The overarching implementation framework is the Strategic Plan for Biodiversity 2011-2020 adopted at the tenth meeting of the Conference of the Parties (COP 10) held in October 2010, in Nagoya, Japan.

Also the Nagoya Protocol voor Access and Benefit Sharing (ABS) was adopted in 2010. It addresses the third main goal of the convention. Earlier, in 2000, the Cartagena Protocol voor Biosafety was adopted.

Additional information on the Convention can be found on the CBD website

Currently there is a process ongoing to formulate an implementation framework for the CBD for the 2020-2030 era: the so called Post-2020 Biodiversity Framework.

The Netherlands calls for a shift towards stronger, yet realistic, implementation of biodiversity goals, trough active collaboration with local and regional governments and the private sector including the financial sector.
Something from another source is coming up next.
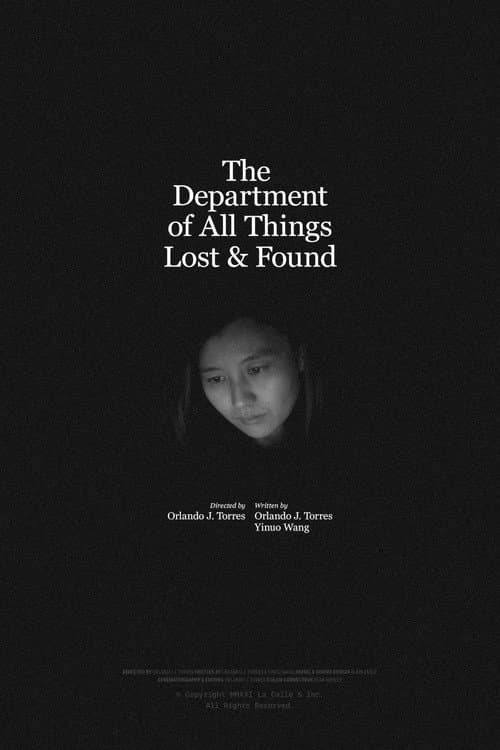 Poster for The Department of All Things Lost & Found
The Netherlands aims for strengthened efforts towards integration of biodiversity goals in other sectors. This concerns the agricultural and fisheries sector, but also industries in the food and non-food sector.

Within the CBD an initiative has been launched to showcase these bottom up initiatives: An agenda for action. For the initial Dutch initiatives in this respect see the report issued by IUCN NL based on their initiative to compile and catalyze pledges by Dutch companies, knowledge institutions, NGOs and citizens.